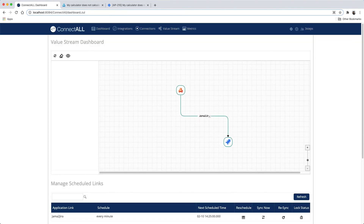Navigate to the ConnectDoll value stream dashboard. And we'll see the new integration that we created between JIRA and JAMA on our value stream dashboard.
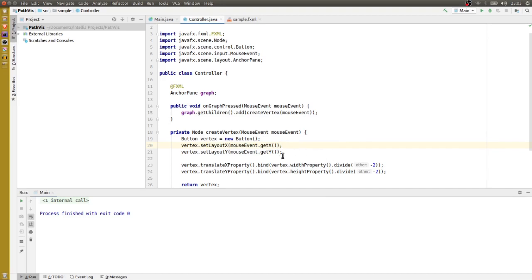The reason I'm binding to the widthProperty instead of simply calling getWidth is because a node's width is set by the layout manager when it's added to a parent such as an anchor pane. If I were to call getWidth at this point it would just return zero because the node hasn't been added yet.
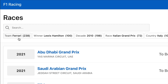These chips provide immediate context of the data you're looking at. For example, right away you can tell that the top winning team is Ferrari, Lewis Hamilton was the top winning driver, the top decade was 2010s with the most races, and the Italian Grand Prix had 72 races.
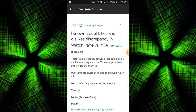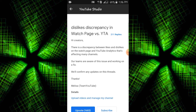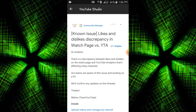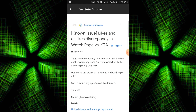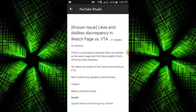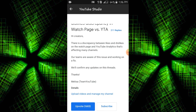If you are watching the analytics, there is a link where you can view the likes and dislikes. For example, if you are watching a video, you can see the likes. There is a discrepancy between likes and dislikes on the watch page and YouTube Analytics that is affecting many channels.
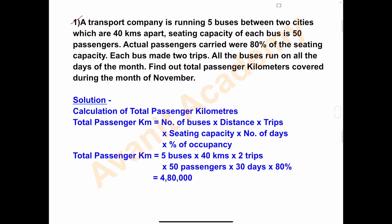A transport company is running five buses between two cities which are 40 kilometers apart. Seating capacity of each bus is 50 passengers — meaning in each bus 50 passengers can travel. The actual passengers carried were 80 percent of the seating capacity, so the bus is 80 percent full.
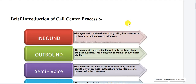Hi guys, hope everyone is doing fine. Let us move on to the semi-voice training session. The process is very easy — you just click the button, it will play the automated voice, and the customer will reply to you. They are from Canada. You are going to press the relevant button back based on their answers. I will show you how the software works first.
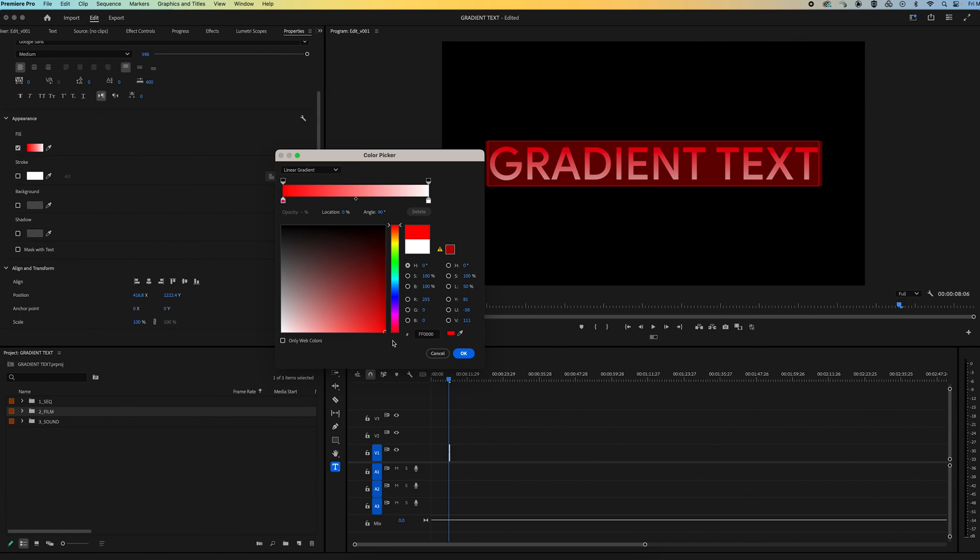Then I want to go to my second color. So what I'll do is go up and select the second color stopper and then find the last color I want in my gradient.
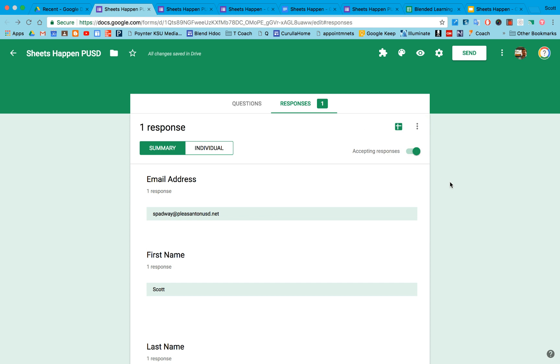That is the first part of getting started with Google Forms.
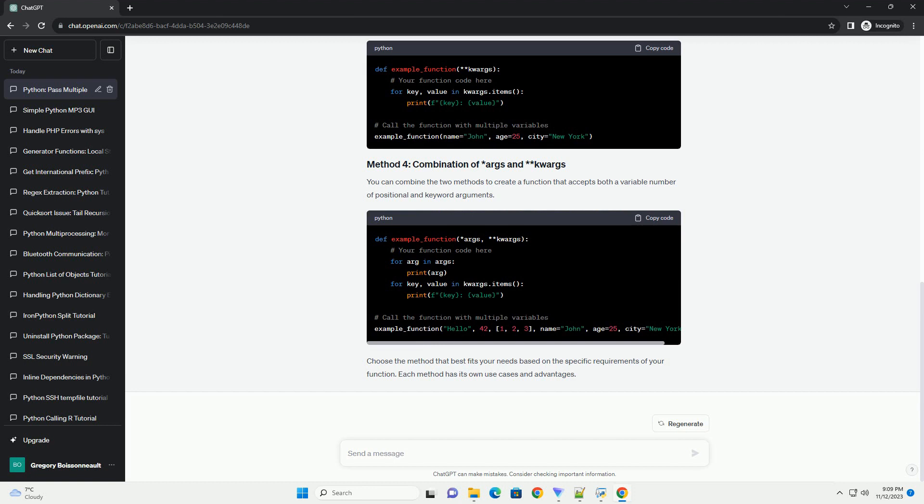You can use the asterisk arg syntax to pass a variable number of arguments to a function. This allows you to pass any number of arguments.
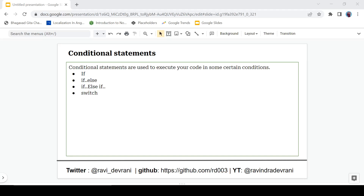Hey there everyone, it's Ravindra Devrani back with another video and we are continuing the C# tutorial series. In this video we are going to discuss conditional statements in C#. If you find this video helpful then please hit that like button, and if you haven't subscribed the channel then subscribe. Let's get started.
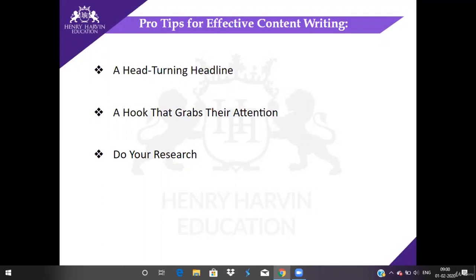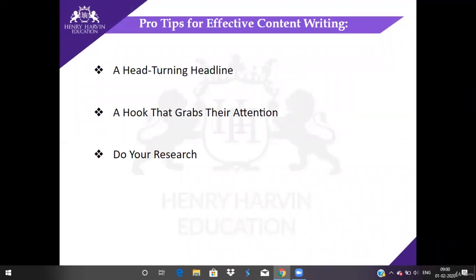The next tip is a hook that grabs their attention. You get only three seconds to keep your readers hooked after the headline. Once you have a great headline, readers will be interested in clicking on it and entering your website to read your entire piece.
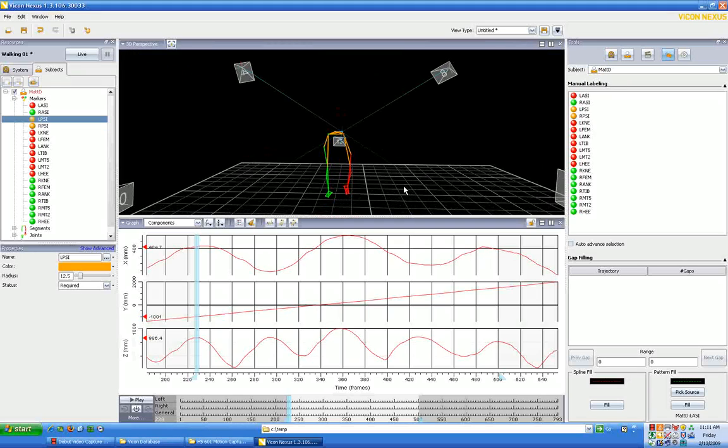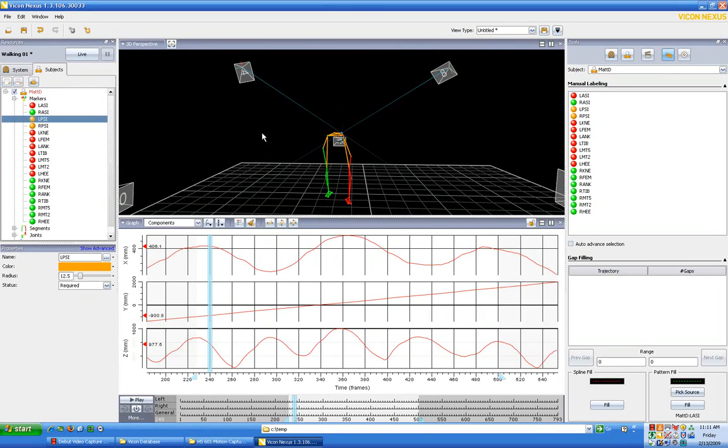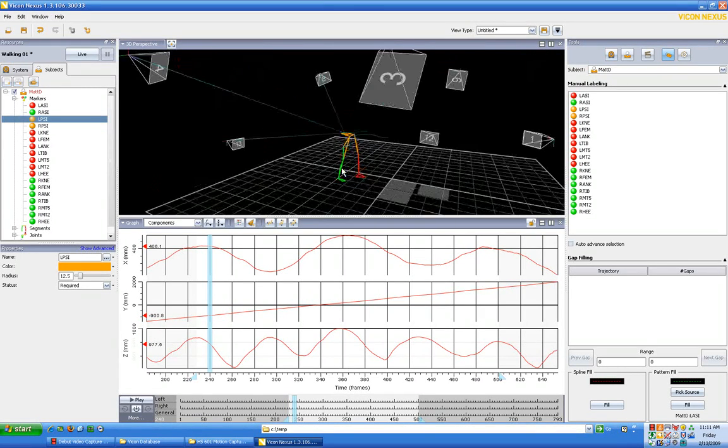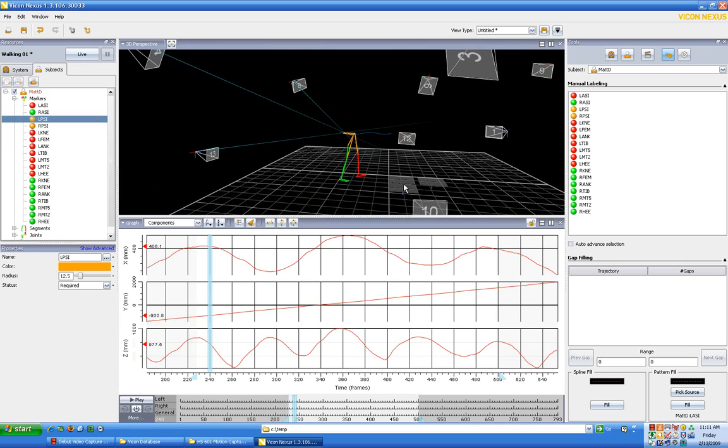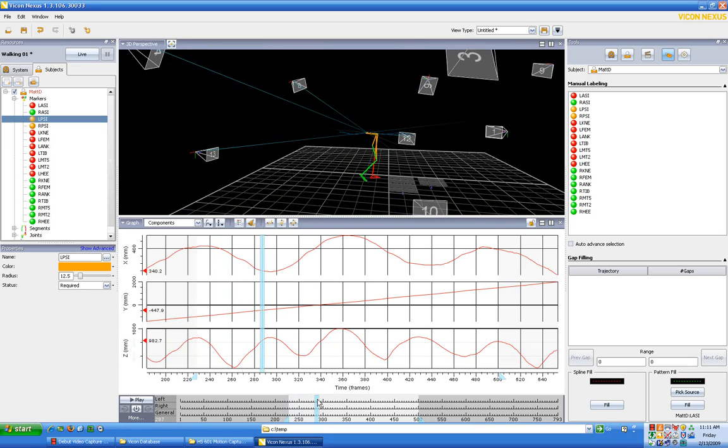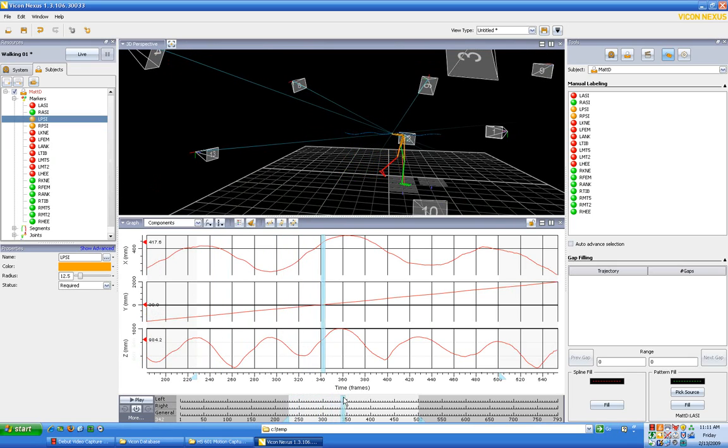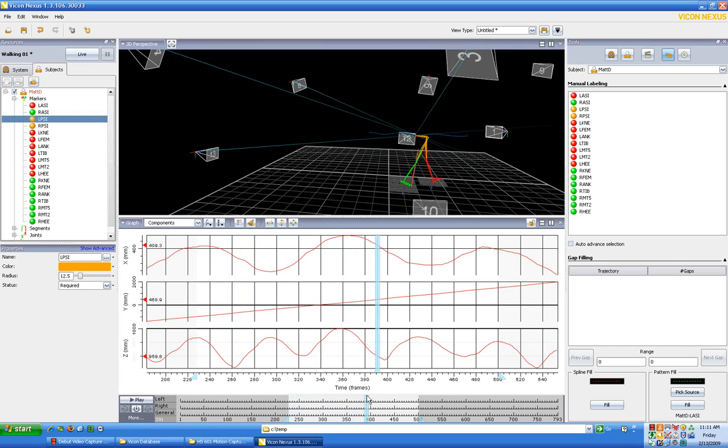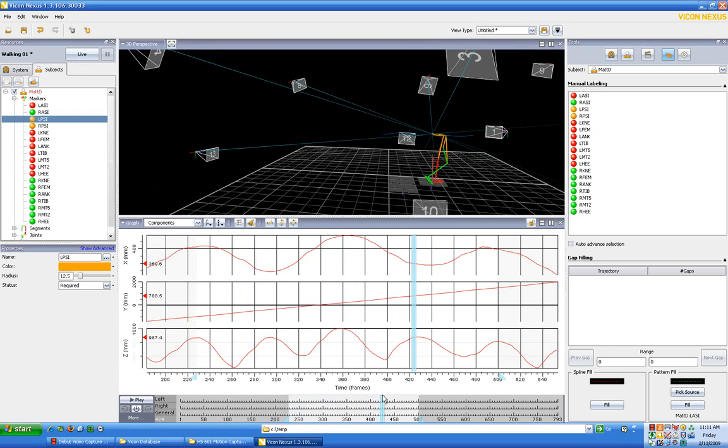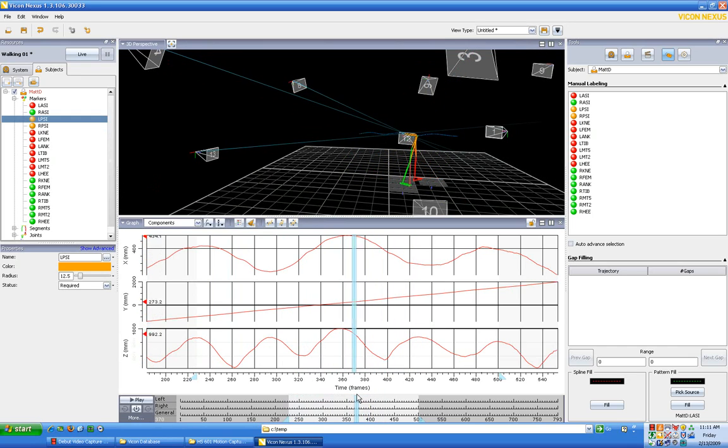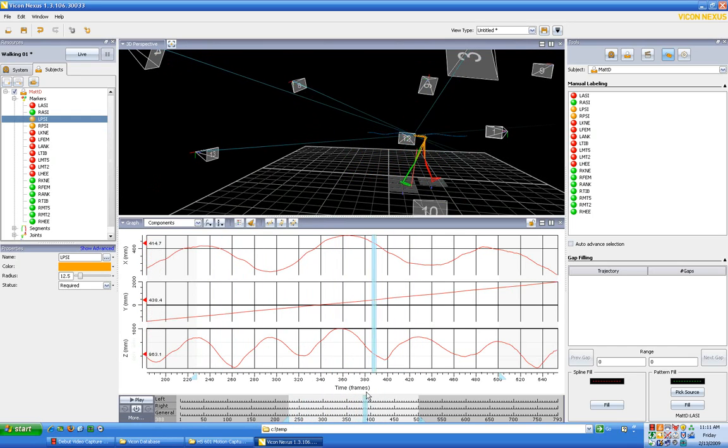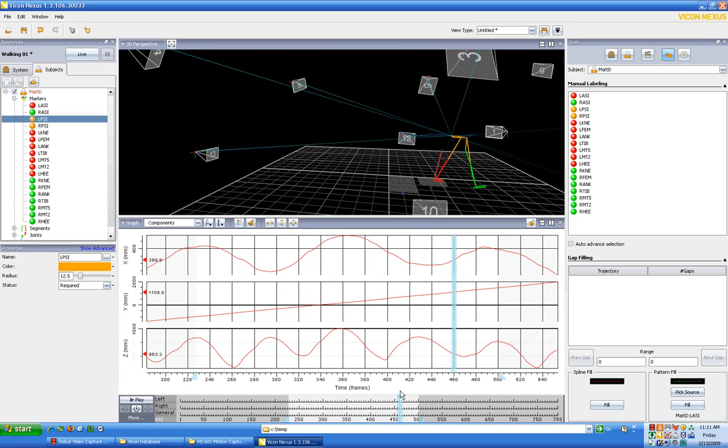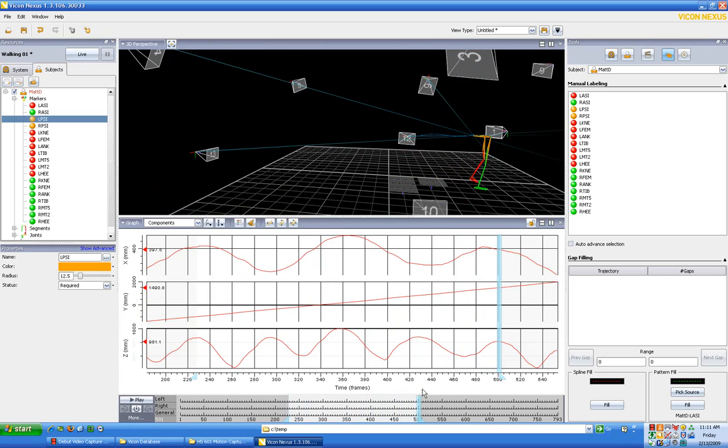So this is good. Now, had we calibrated our subject, we could actually run a modeling on this and determine things like changes in joint angles, velocities, how much force is present at the joints and things like that. But again, I'm going to save that for right now and just show you how to track the dots for a simple sequence like this.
|---|
Exclude all images and restate the records above word for word.

SOLUTION TO THE EXERCISE »
Navigate to the ConnectDoll value stream dashboard. And we'll see the new integration that we created between JIRA and JAMA on our value stream dashboard.
The reason I'm binding to the widthProperty instead of simply calling getWidth is because a node's width is set by the layout manager when it's added to a parent such as an anchor pane. If I were to call getWidth at this point it would just return zero because the node hasn't been added yet.
These chips provide immediate context of the data you're looking at. For example, right away you can tell that the top winning team is Ferrari, Lewis Hamilton was the top winning driver, the top decade was 2010s with the most races, and the Italian Grand Prix had 72 races.
If you are watching the analytics, there is a link where you can view the likes and dislikes. For example, if you are watching a video, you can see the likes. There is a discrepancy between likes and dislikes on the watch page and YouTube Analytics that is affecting many channels.
A transport company is running five buses between two cities which are 40 kilometers apart. Seating capacity of each bus is 50 passengers — meaning in each bus 50 passengers can travel. The actual passengers carried were 80 percent of the seating capacity, so the bus is 80 percent full.
Hi guys, hope everyone is doing fine. Let us move on to the semi-voice training session. The process is very easy — you just click the button, it will play the automated voice, and the customer will reply to you. They are from Canada. You are going to press the relevant button back based on their answers. I will show you how the software works first.
Then I want to go to my second color. So what I'll do is go up and select the second color stopper and then find the last color I want in my gradient.
That is the first part of getting started with Google Forms.
You can use the asterisk arg syntax to pass a variable number of arguments to a function. This allows you to pass any number of arguments.
Hey there everyone, it's Ravindra Devrani back with another video and we are continuing the C# tutorial series. In this video we are going to discuss conditional statements in C#. If you find this video helpful then please hit that like button, and if you haven't subscribed the channel then subscribe. Let's get started.
The next tip is a hook that grabs their attention. You get only three seconds to keep your readers hooked after the headline. Once you have a great headline, readers will be interested in clicking on it and entering your website to read your entire piece.
So this is good. Now, had we calibrated our subject, we could actually run a modeling on this and determine things like changes in joint angles, velocities, how much force is present at the joints and things like that. But again, I'm going to save that for right now and just show you how to track the dots for a simple sequence like this.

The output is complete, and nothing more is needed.